Reexamination Certificate

active

06784330

ABSTRACT:

FIELD OF THE INVENTION
The present invention relates to a process for optimizing the value of natural gas.
BACKGROUND OF THE INVENTION
The present invention is directed to a process for converting gas resources in remote locations to fuels and petrochemicals. Although the operating cost for producing fuels and petrochemicals from remote natural gas is significantly lower than producing the same products from oil, high capital costs discourage such conversion of natural gas. Reducing such capital costs would provide an incentive for utilizing natural gas as a relatively inexpensive source of fuels and petrochemicals.
Natural gas is often co-produced with oil in remote offsite locations where reinjection of the gas is either expensive or not feasible. A desirable option for treating such gas is its conversion to methanol, using Fischer-Tropsch technology, which is simpler than gas liquefaction. Methanol can be produced at reasonable cost in plants ranging from 500 to 50,000 tons a day. While larger plants have a large cost advantage, small plants are nevertheless viable if the gas cost is sufficiently negative, e.g., reinjection of natural gas is too costly or impossible. Accordingly, it has been suggested as economically feasible to place methanol plants on barges for offshore producing locations.

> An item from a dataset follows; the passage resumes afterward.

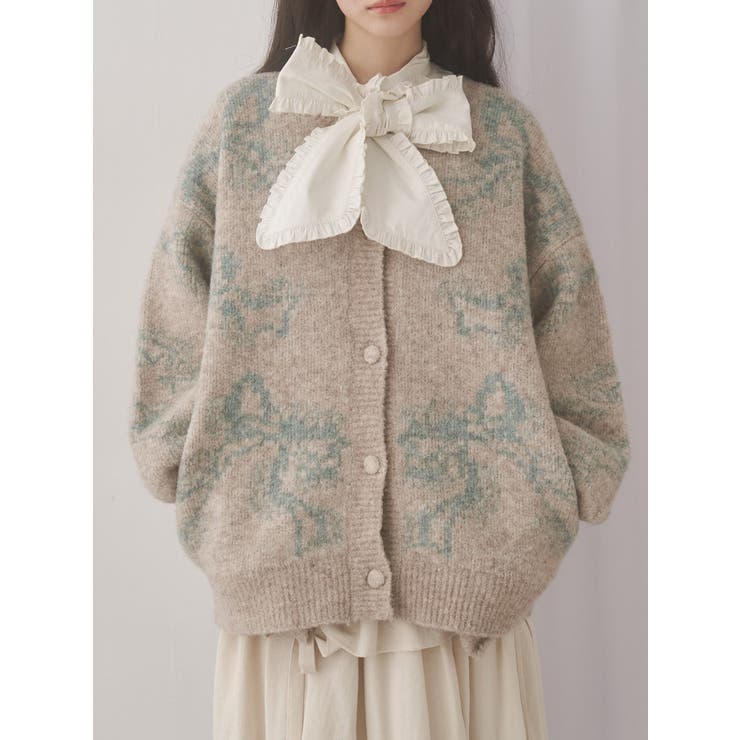 ベージュ | ribbon jacquard knit cardigan | merry jenny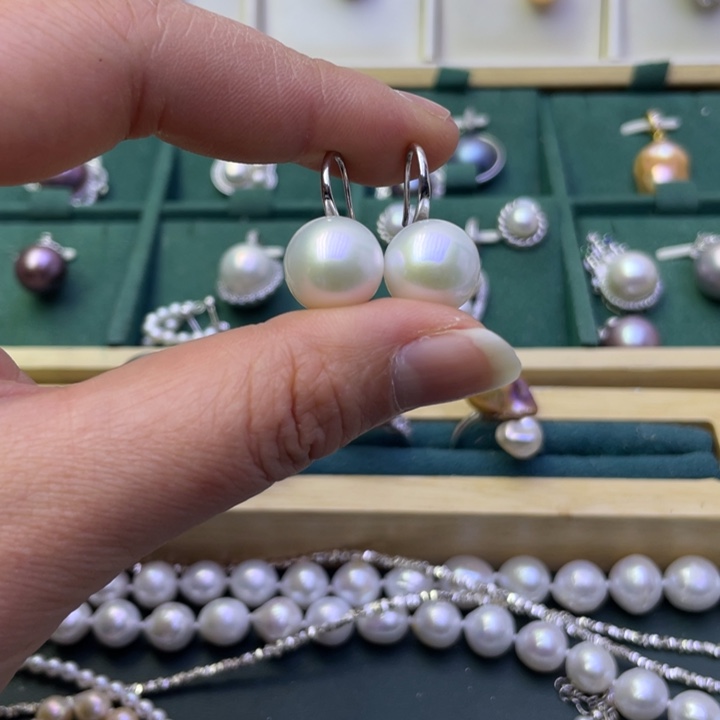 淡水珍珠耳饰银S925镶嵌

Despite such advantages, methanol's market is limited to only about 100 million tons per year, significantly less than that which could be produced from all natural gas sources, and therefore not suited to the scale of co-produced natural gas. However, methanol can be converted to gasoline, olefins, or a mixture of both. Indeed, a commercial plant for converting natural gas to gasoline has operated in New Zealand. Such methanol conversion processes are generally designed as integrated large-scale plants, where natural gas is converted to methanol that is then converted to hydrocarbon products.
For offshore and other difficult gas producing locations, it is preferable to provide a process, which is simple to operate. Because methanol production from natural gas is the simplest way to convert gas to liquid, it is highly desirable for on-site use. However, methanol's lack of a large-scale market militates against such conversion in the absence of a means to economically convert methanol to more readily marketable products.

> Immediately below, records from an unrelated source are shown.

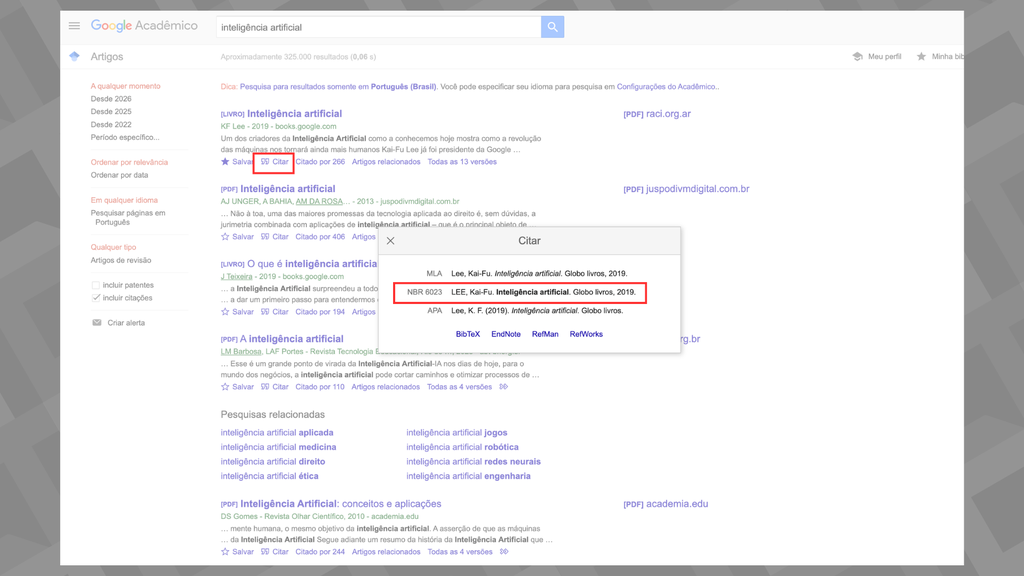 Como gerar citação automática em ABNT no Google Acadêmico (Imagem: Captura de tela/Canaltech)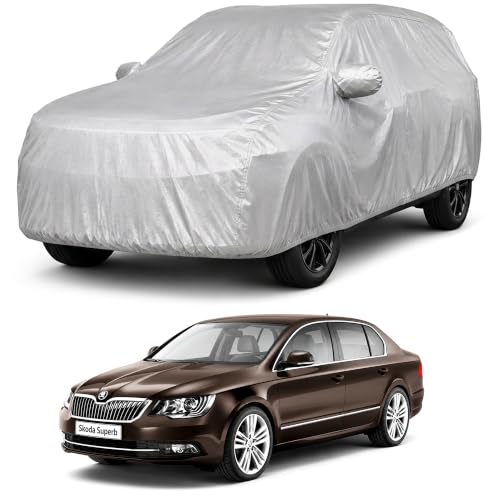 Image of Autofact Car Body Cover Compatible with Superb | Custom Fit Car Cover | 100% Water-Resistant| Triple-Stitched Lightweight Fabric | Dustproof | Indoor & Outdoor Use | Elastic Bottom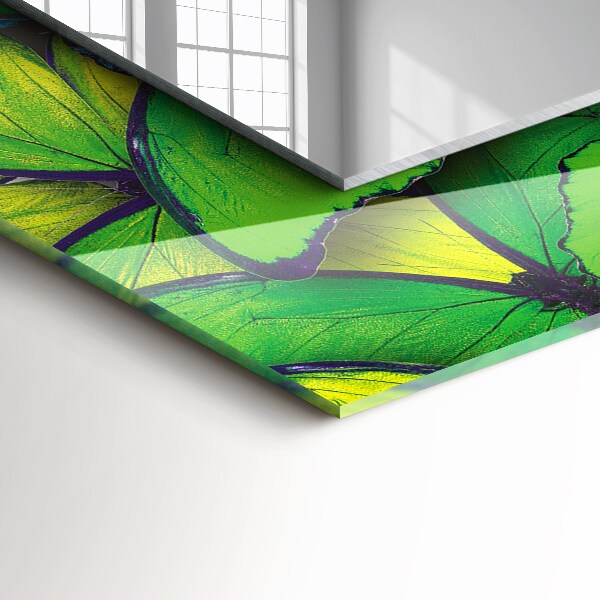 Printed mirror Blue and green butterflies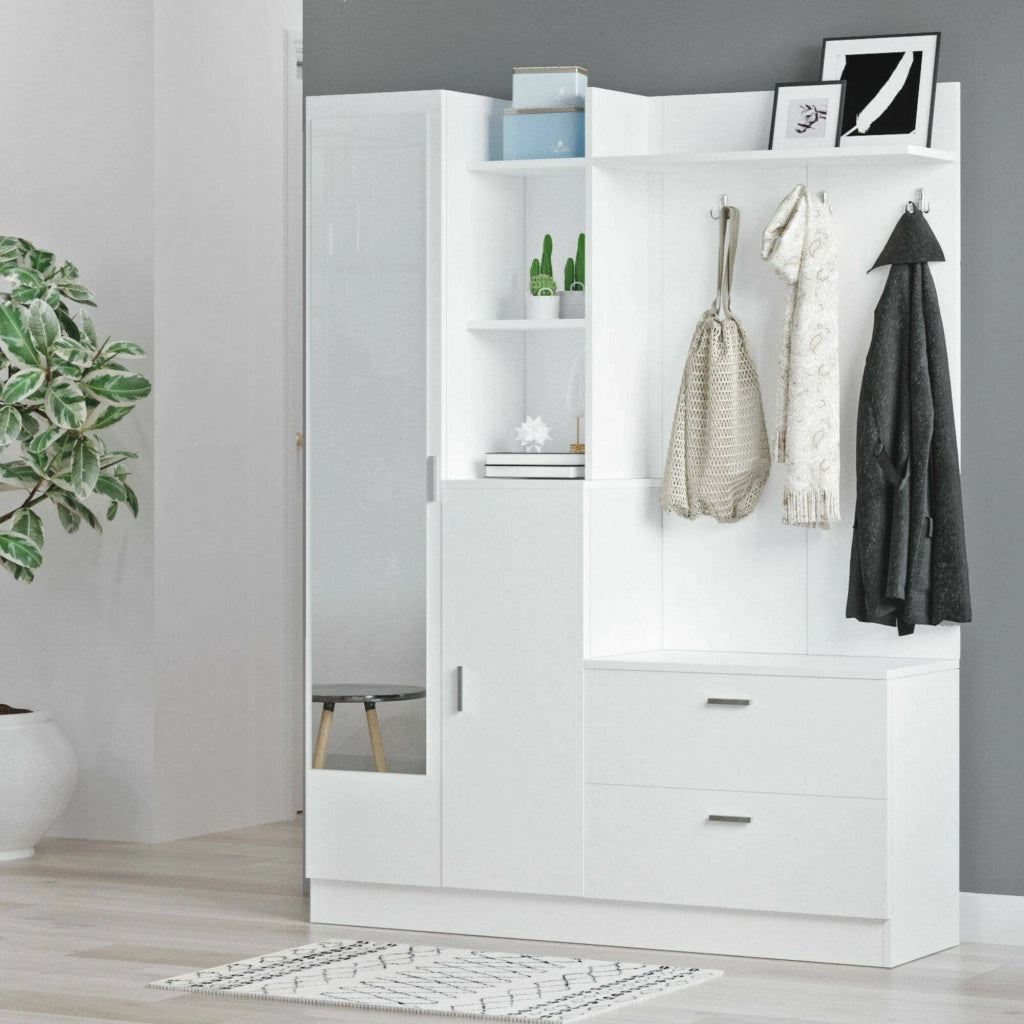 Mobile da ingresso Anumali, Entratina appendiabiti, Composizione per atrio, Consolle portaoggetti multifunzione, 140x37h182 cm, Bianco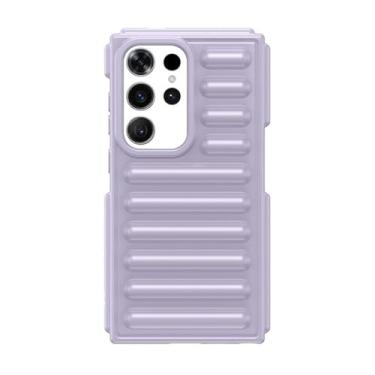 Imagem de Capa de celular luxuosa com almofada de ar listrada e à prova de choque para Samsung S24 Plus S23 Ultra FE A55 A35 A25 A15 A05 A05S M55 F55, roxa, para Galaxy A05S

U.S. Pat. No. 3,898,057 incorporated herein by reference, discloses a process for converting natural gas to a mixture of carbon monoxide and hydrogen at the site of production, converting the mixture to methanol, and transporting the methanol to a place of consumption where it is burnt or reconverted into methane.
SUMMARY OF THE INVENTION
Despite current practices, there exist certain advantages to totally separating the methanol conversion step from the production of methanol, and conducting such methanol conversion in a separate unit within a large existing refinery or in a large, dedicated methanol refinery, either of which is located in a region readily accessible to petrochemical markets, e.g., the Gulf Coast, Rotterdam, Singapore, etc.
A significant portion of costs associated with converting methanol is attributable to services or products supplied from outside sources such as steam, electricity, and fresh water. These are often available to a refinery more cheaply than at or near a natural gas producing site due to the refinery's economies of scale as well as location with respect to the supply of such services or products. In addition, gasoline product tankage and distribution infrastructure is already available at the refinery as well as facilities to handle light gas by-products.

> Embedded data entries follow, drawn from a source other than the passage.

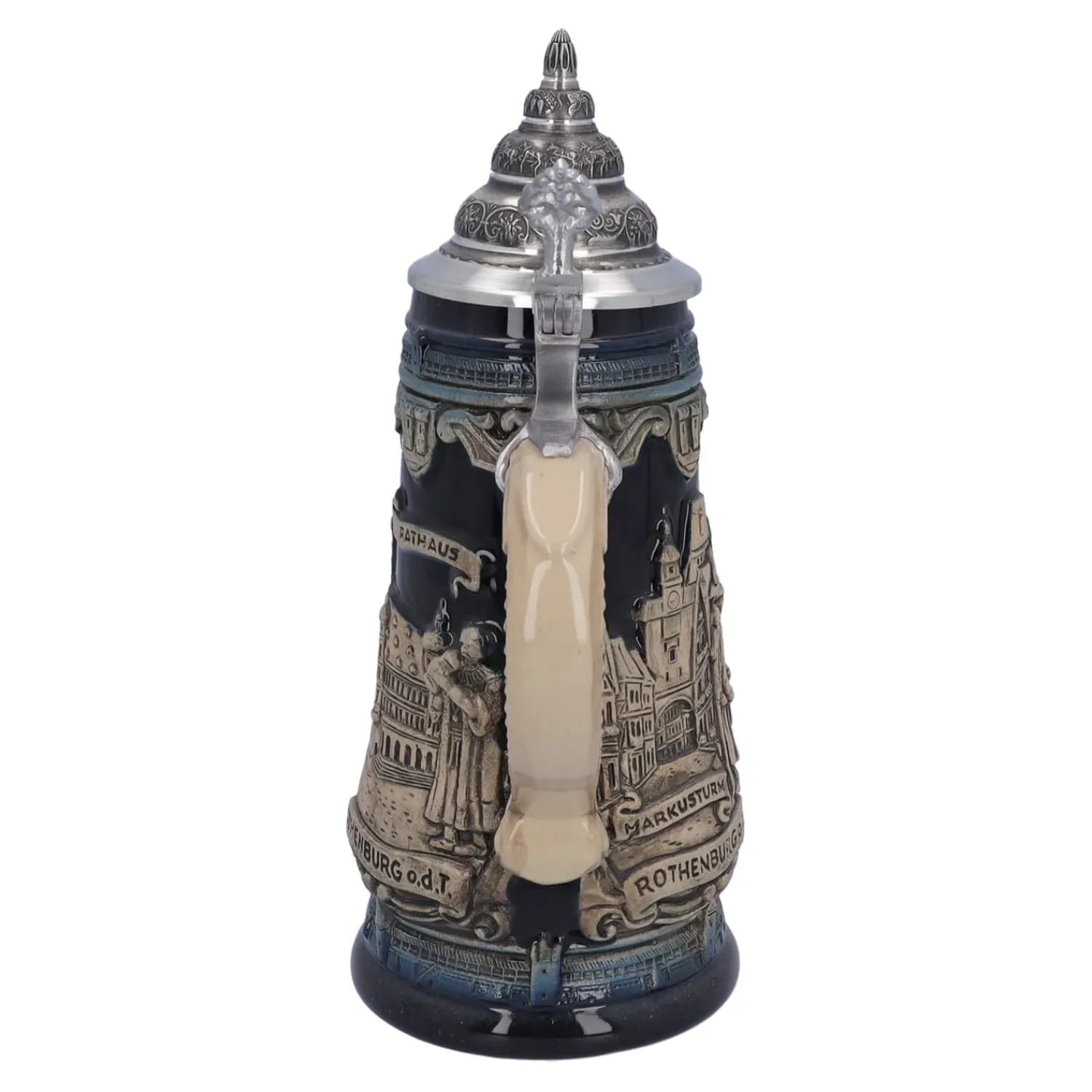 Bierkrüge|Rothenburg Motive-Bierkrug mit Zinndeckel "Rothenburg mit Ritter", 0,5l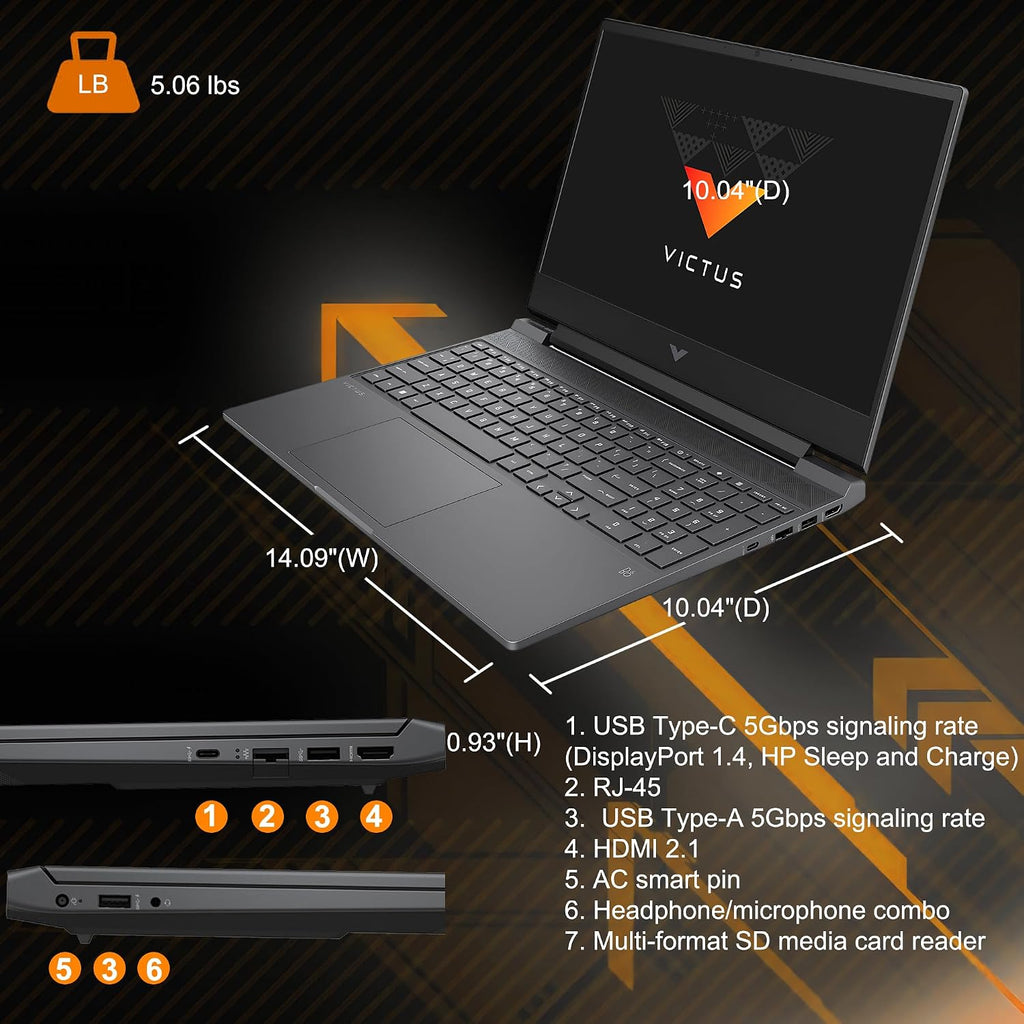 HP Victus 15 Gaming Laptop 15.6' FHD IPS 144Hz Intel 8-core i5-13420H (>i7-12650H) 32GB DDR4 1TB SSD GeForce RTX 3050 Backlit USB-C DTS:X Ultra Wi-Fi6 Win11Pro ICP Hub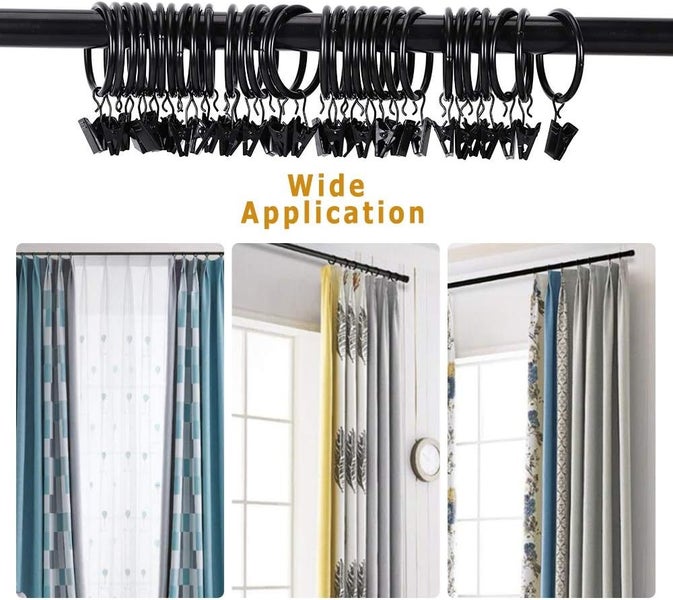 30 Pack Curtain Rings with Clips Hooks Carousel 1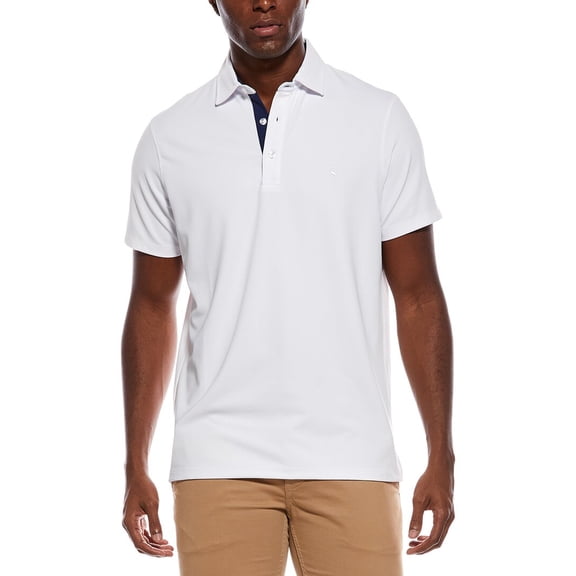TailorByrd mens  Micro Grid Textured Performance Polo Shirt, l, White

Another reason refineries are advantageous locales for converting methanol stems from their enhanced profitability by converting methanol to gasoline as well as other higher value products as compared to solely producing a product for its fuel value as is done where methane is converted to a liquid fuel at the production site for natural gas. For example, refineries can co-produce chemicals, such as ethylene, propylene, and aromatics, having higher value than motor fuels. Moreover, the location of many refineries near petrochemical complexes or petrochemical pipelines provides a readily accessible, proximal market for such chemicals. Transporting methanol from a remote location, say, at least 10 miles, at least 20 miles or even at least 100 miles, to a refinery located near chemical markets is less expensive than transporting petrochemicals from local conversion plants for ethylene or propylene near natural gas sources. Indeed, such ethylene or propylene made near the natural gas producing site can require grassroots polymerization facilities in order to render these products transportable. In contrast, a methanol refinery located near ethylene and propylene merchant markets can readily dispose of ethylene and propylene without further processing. In general, the methanol refinery of the present invention is advantageously located where a critical mass of other refineries and petrochemical plants already exist. The methanol refinery is dependent upon a supply of low cost methanol such as that which can be economically produced from gas fields having no access by pipeline to suitably sized markets.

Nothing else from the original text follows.